When asking is the current work that is costing more to make these days worth the same as the past you have to look at your bottom line.
That bottom line includes the percentage of people playing. Now you can claim superiority of % of RPG gamers that buy D&D v other games, is one way to look at it, but actual popularity of the game itself must be based on all consumers.
So if 10% of the people played D&D in the 80's and only 3% of all the consumers that exist now play D&D, then something could correlate.
You have to look at that and see if it is your product, or the people.
Is your new product not doing as well because of problems with the product being something that consumes dont want.
You cannot make a blanket statement that more copies have sold this decade of a new game compared to a past decade, and leave out the fact the population has grown 10-fold in that time.
It is lying to people. What marketing departments and firms are made for.
But the accountants can tell the truth by checking past ledgers combined with the censuses taken of people in the country or world.
If you only want to know if you are selling more copies, then you can be blinded by the other information and look at the data with blinders on.

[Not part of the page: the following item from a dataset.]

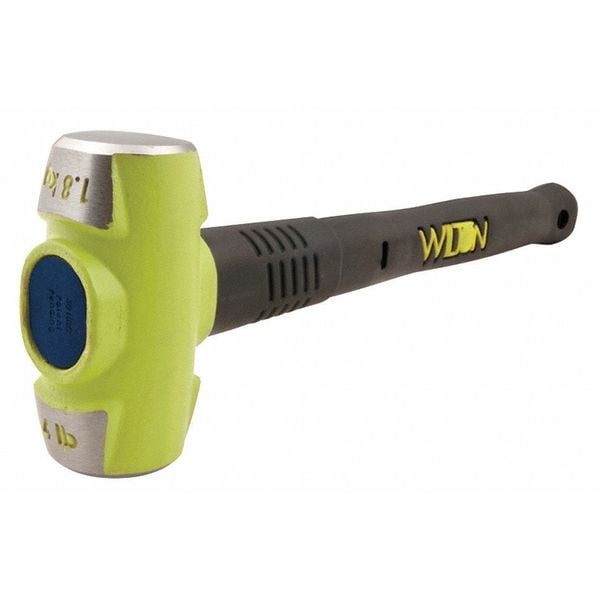 Wilton 4 lb Soft Face Sledge, 12 in L Steel Handle, Black/Hi-Vis Green - 40412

If you want to know how well your new product is doing compared to an old version of it (see Coke Classic/New Coke) then you must look at the entire consumer base to tell if the percentage of people is equal to a state in the past to see if you are doing as well as then.
I think it is NOT doing as well as it was then. That is also a job of marketing, but a hidden part not shown to the public as the public is only offered the advertising section of the marketing department in order to sale more product. This is for all companies.
So why should the consumer or gamers care? They don't have to, but some do.
So it is interesting for them to look at all the numbers to compare the "hype" vs reality.